┌─ Material provided

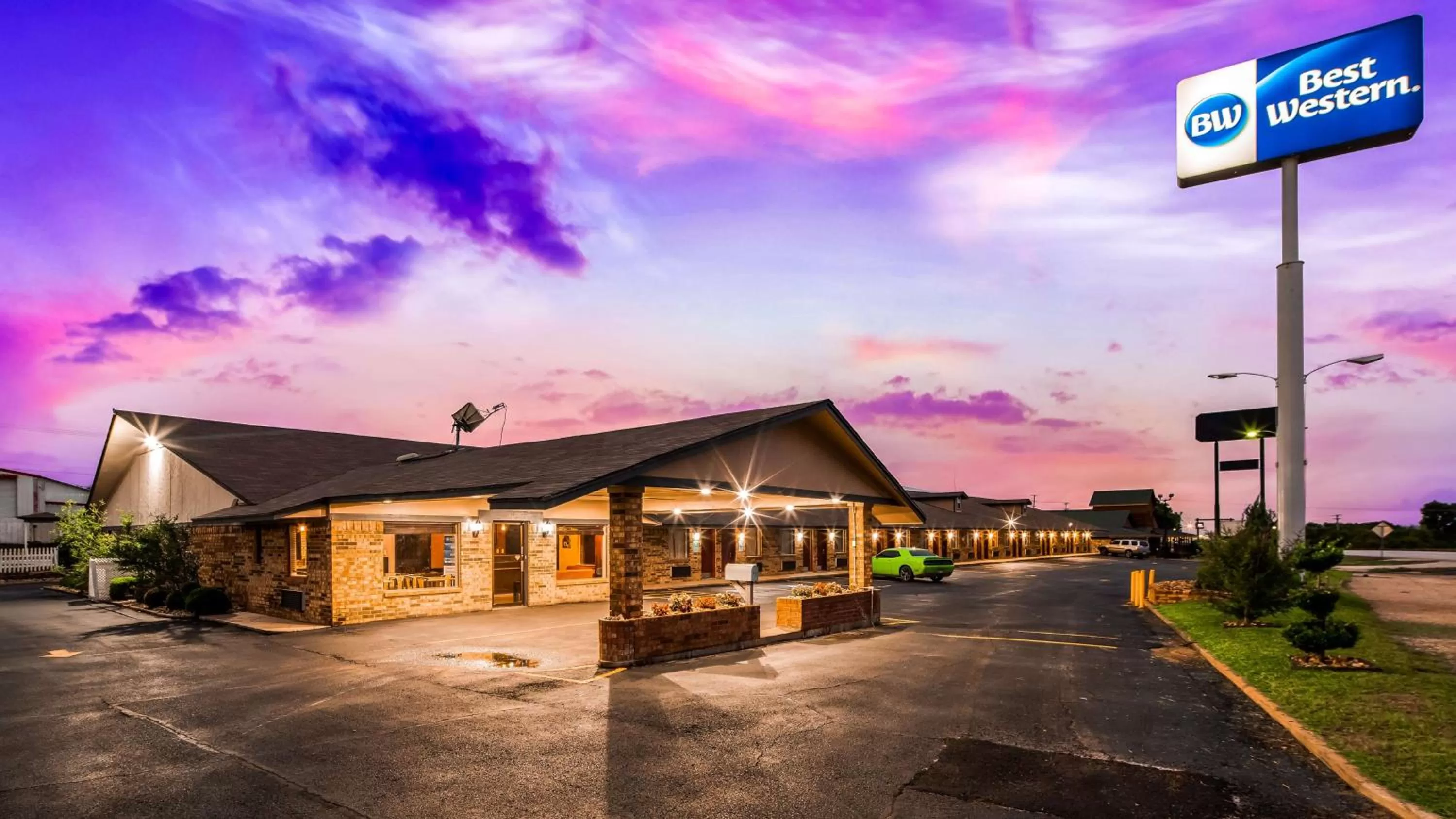 Property Building in Best Western Decatur Inn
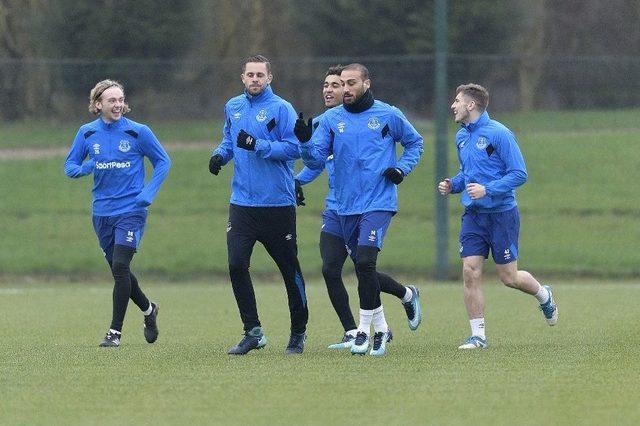 Cenk Tosun, Everton Antrenmanında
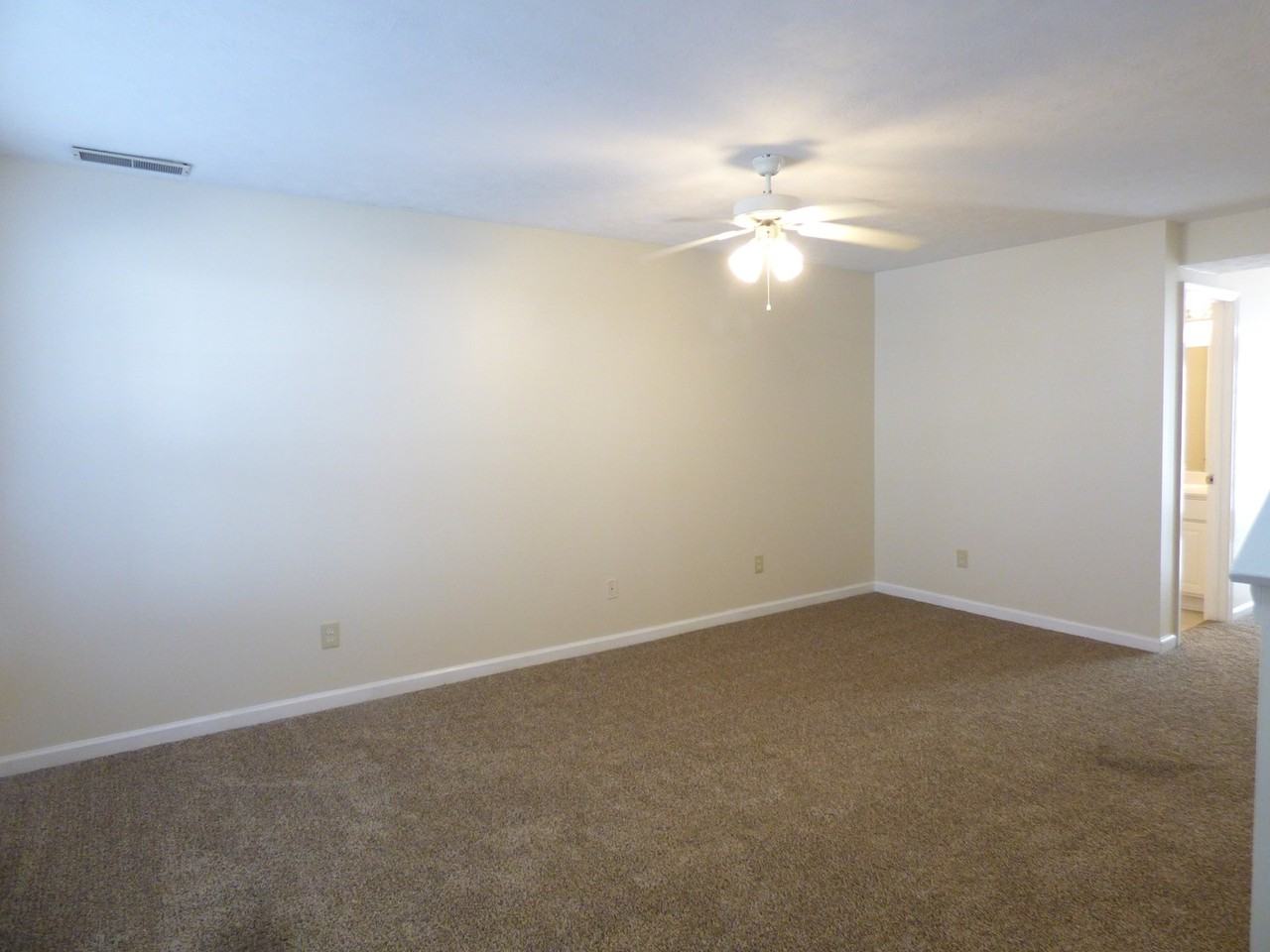 2818 Hanna Pl - Photo 3 of 28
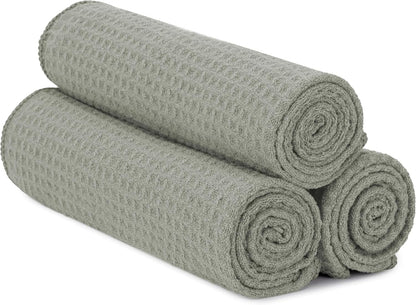S&T INC. Microfiber Gym Towels, Yoga Towel for Home and Gym Bag, 16 Inch x 27 Inch, 3 Pack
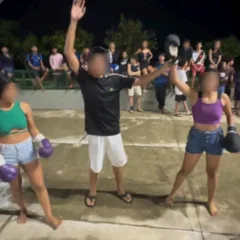 Adolescentes durante as lutas clandestinas (Foto: Divulgação) 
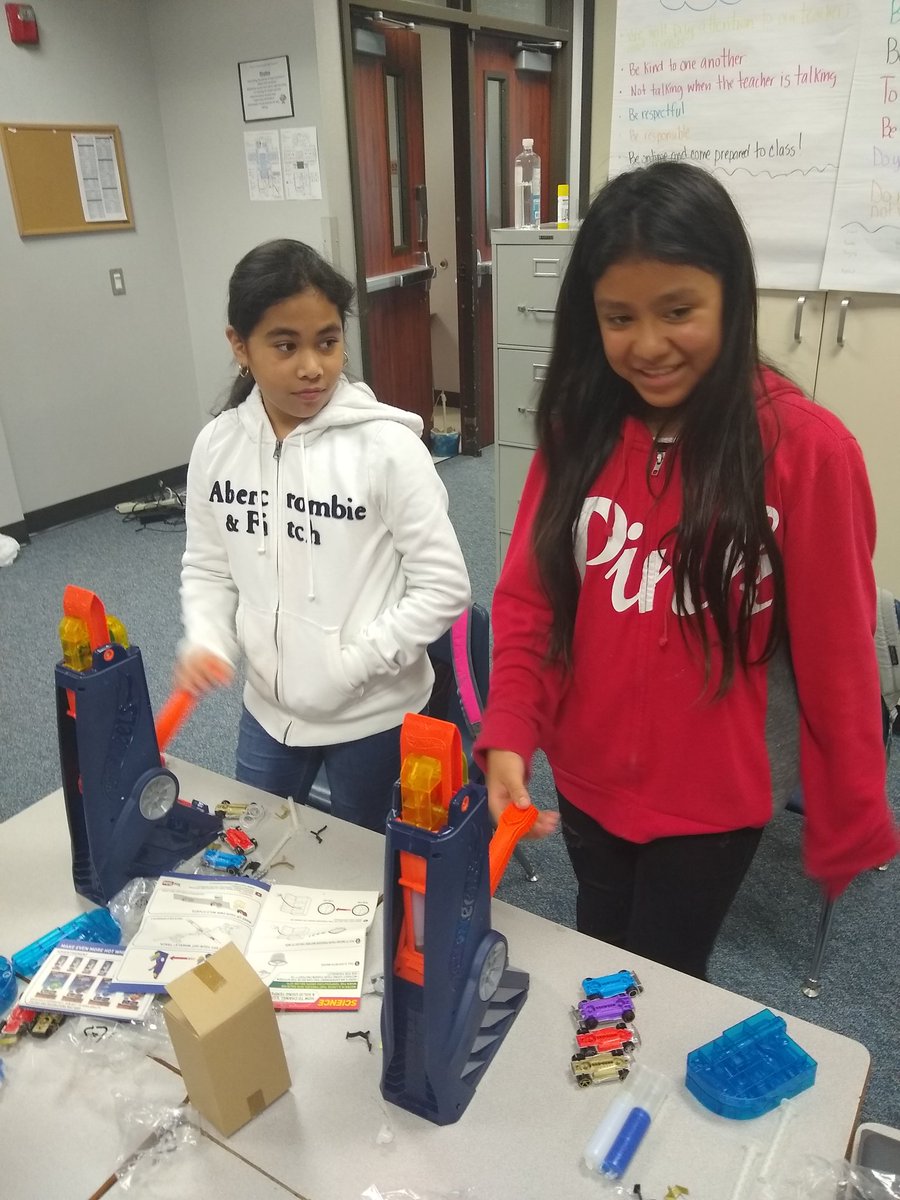 Getting their arms toned!! 
<a href="/hearnehusky/">Hearne Elementary</a> 
<a href="/joseserpas1/">Jose Serpas</a> 
<a href="/BiancaAKA18/">Bianca Anderson</a>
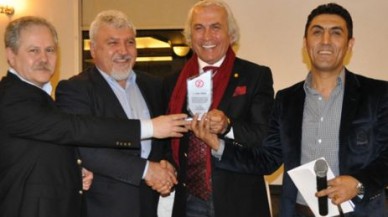 İYGAD üyelerine TEŞEKKÜR etti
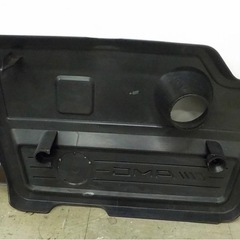 美品 メルセデス ベンツ AMGエンジンカバー CLA45 GLA45 w146 w246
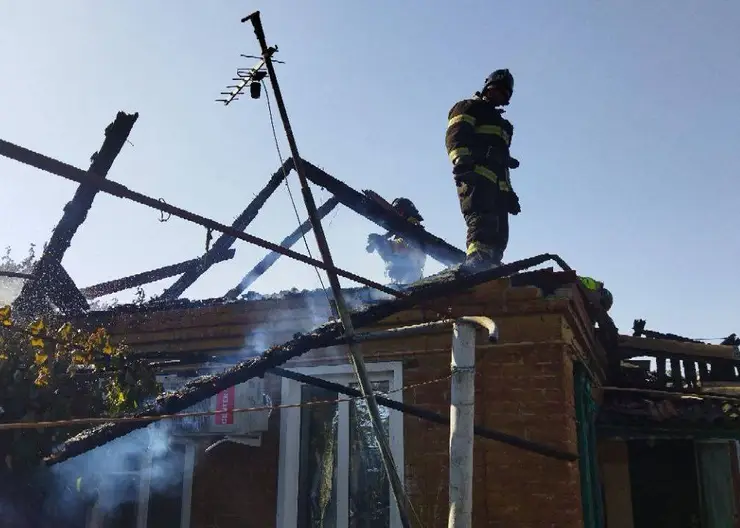 В Кропоткине произошел пожар в частном жилом доме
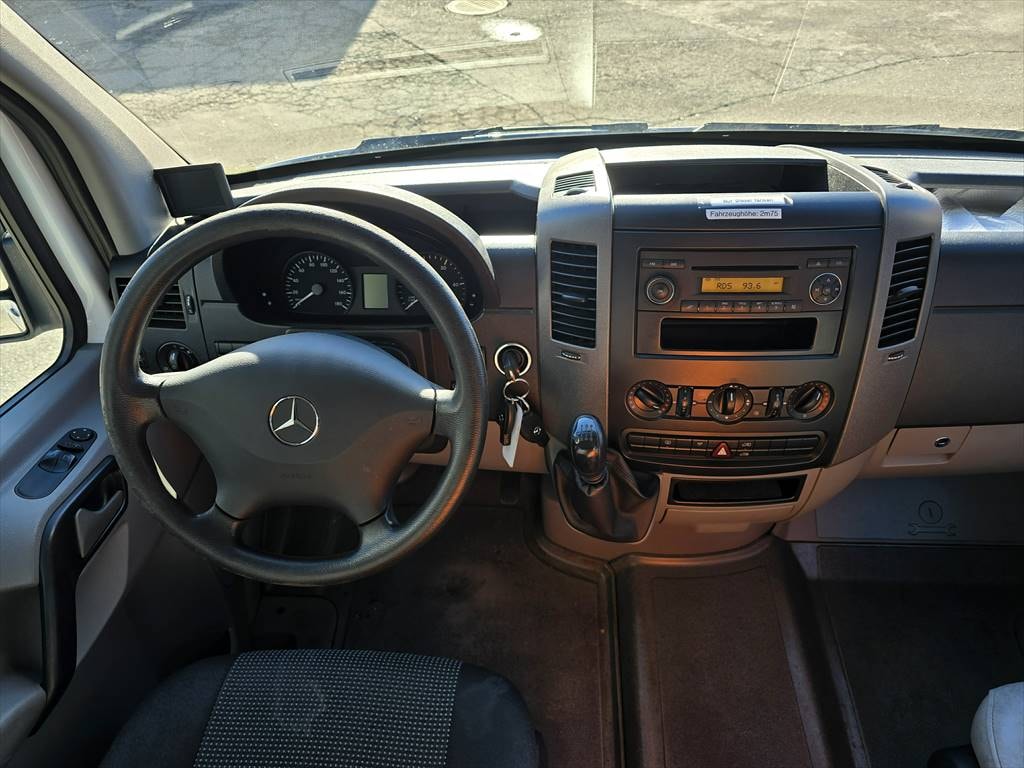 MERCEDES-BENZ Sprinter 311 CDI Standard-image-10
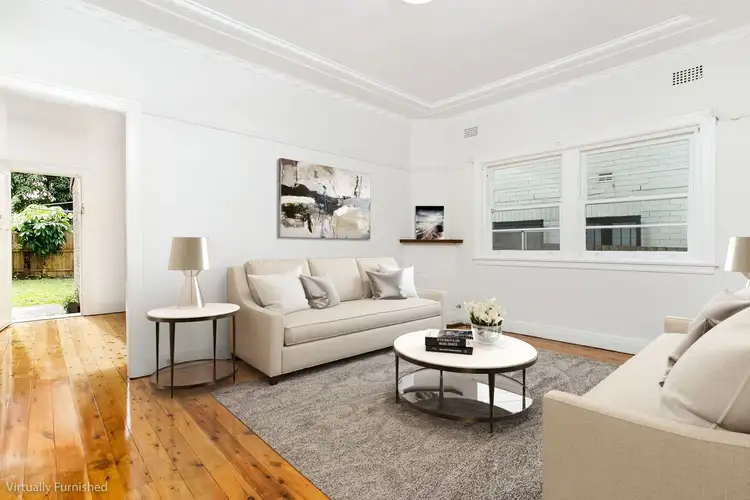 30 Ravenswood Avenue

└─

### Exercise prompt
Could you write out again, exactly, the lines from the line containing "MERCEDES-BENZ Sprinter 311" through the last line of the records above? Leave out the pictures.

### Solution for this problem
 MERCEDES-BENZ Sprinter 311 CDI Standard-image-10
 30 Ravenswood Avenue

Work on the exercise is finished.